An early example that was given to me by a biobanking expert in The Netherlands was in the description of a chest X-ray: most likely such an image can be used both to study the bone in the spine, and to study the state of the major arteries (e.g. the aorta). If such an X-ray is acquired, it is likely that it is for one purpose only, but that does not exclude a re-use in another field. To optimize the re-usability of the data (see the FAIR principles), a chest X-ray should be labeled "chest X-ray" and not "X-ray of the spine" even if it was acquired for that specific goal.
I think this is similar to a "book cupboard". Most "book cupboards" are actually "book-size shelves". Those shelves can be used to store books, but can also used for other purposes. To optimize the Findability of the right storage solution in the shop, it would be useful if the label would not express a single use.
Recently I heard yet another very good example of the same principle in an episode of the SE-radio podcast: Function names when writing computer code. It really improves the human readability of computer software (and hence the maintainability) if each function is named after what it does, rather than how it is used. The example from the podcast: do not name the function "reformat_email", but name it "remove_double_newlines" if that is what it does.

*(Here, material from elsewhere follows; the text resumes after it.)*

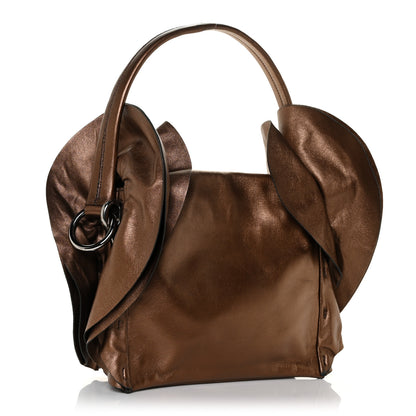 Prada Metallic Nappa Ruffle Shoulder Bag Rovere Mordore 2 of 9
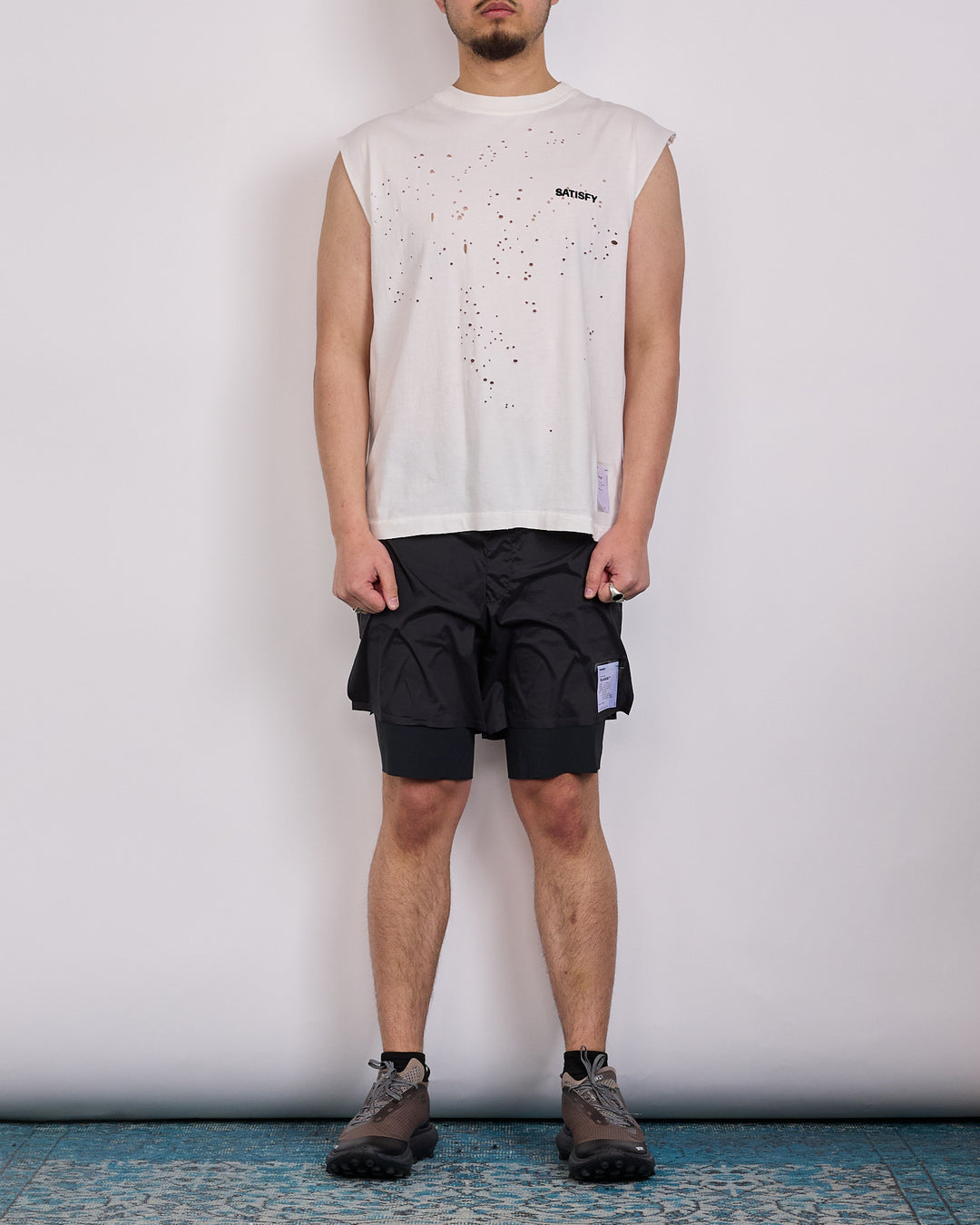 SATISFY MothTech Muscle T-Shirt Small Logo Aged Ecru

I've heard someone say "Researchers are the worst judges on the possibilities for re-use of their own data". It is true: a researcher studying the aorta will not even see the spine on their own X-ray images, let alone think about ways in which the data can be reused by bone researchers. I think labeling a data set with how it is used is a consequence of this. A trained librarian/archivist, with training in classification systems, will quickly see through such a mistake and suggest better naming.